Apparent diffusion coefficient (ADC) from diffusion-weighted imaging (DWI) has gained wide attention as potential tool for differentiating between malignant and benign solitary pulmonary lesions (SPLs). The overall effects of multiple histopathological parameters on ADC have not been elucidated, which may help to explain the overlapping of ADC between malignant and benign SPLs. The study sought to explore associations between ADC and histopathological parameters in SPLs, and to compare diagnostic capability of ADC among different types of SPLs. Multiple histopathological parameters (cell density, nuclear-to-cytoplasm ratio, necrotic fraction, presence of mucus and grade of differentiation) were quantified in 52 malignant and 13 benign SPLs with surgical pathology available. Cell density (β = −0.40) and presence of mucus (β = 0.77) were independently correlated with ADC in malignant SPLs. The accurate diagnosis rate of squamous carcinomas, adenocarcinomas without mucus and malignant tumors with mucus was 100%, 82% and 0%, respectively. Our study suggested that cell density and presence of mucus are independently correlated with ADC in malignant SPLs. Squamous carcinoma maybe more accurately diagnosed as malignancy by ADC value. Malignant SPLs with mucus and adenocarcinomas with low cell density should be kept in mind in differentiating SPLs using ADC because of insufficient diagnostic capability.
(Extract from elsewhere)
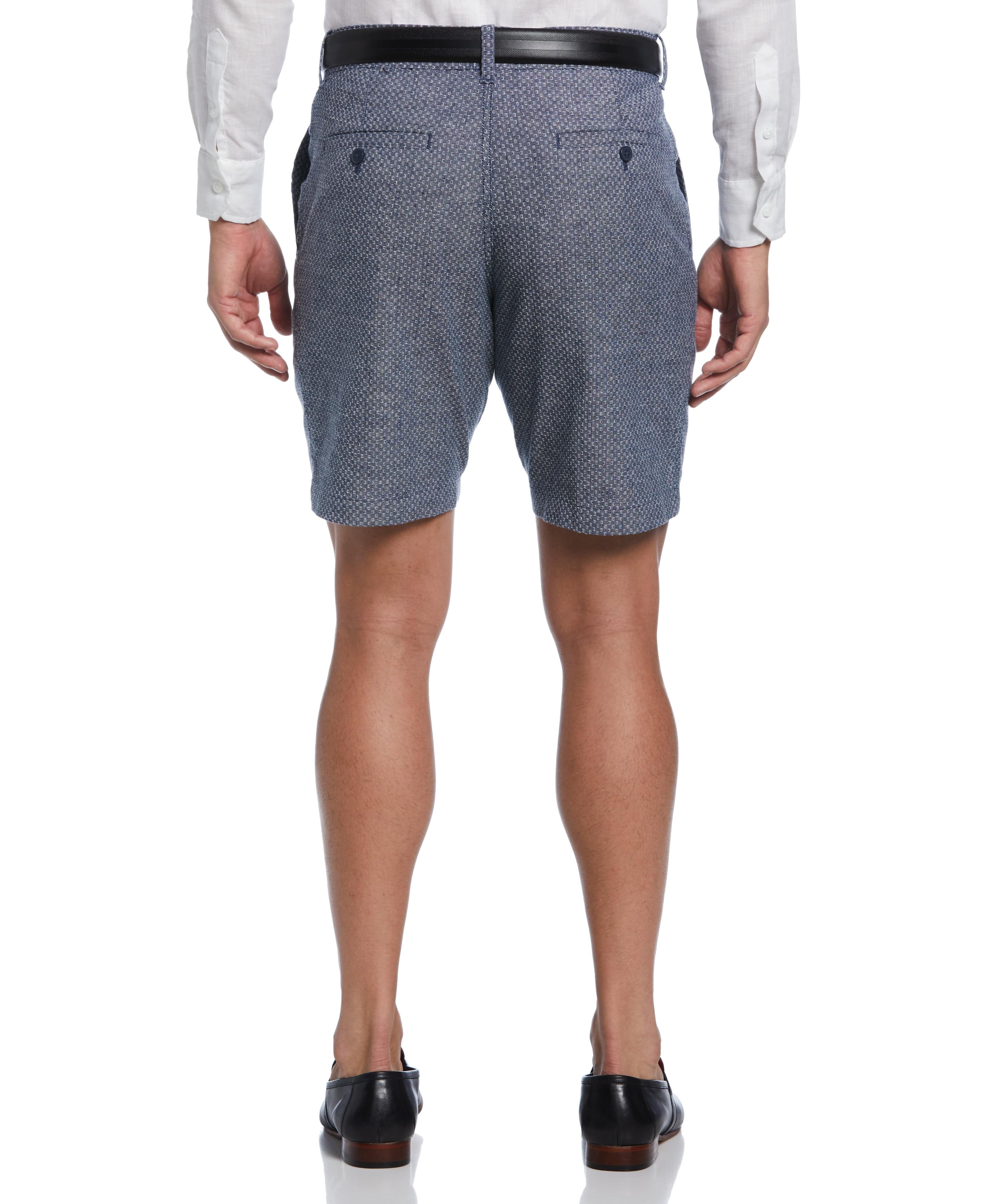 Textured Linen-Blend Flat Front Short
Lung cancer is the leading cause of cancer-related death worldwide and is a global health burden1. Accurate and reliable diagnosis of pulmonary lesions using noninvasive imaging modality is needed in clinical practice. Prior studies have shown a beneficial effect of low-dose helical computed tomography (CT) in reducing mortality from lung cancer2,3. However, morphological assessment (size, shape, internal characteristics, lack of growth, etc.) of pulmonary lesion on CT is sometimes limited in differentiating malignant and benign lesions, especially for small lesions. Positron emission tomography (PET) using 18F-fluorodeoxyglucose (FDG) also has a contribution to differential diagnosis of pulmonary lesions4,5, but it is limited by false-negative results for well-differentiated pulmonary adenocarcinoma6, false-positive results for inflammatory nodules7, high cost and not widely available.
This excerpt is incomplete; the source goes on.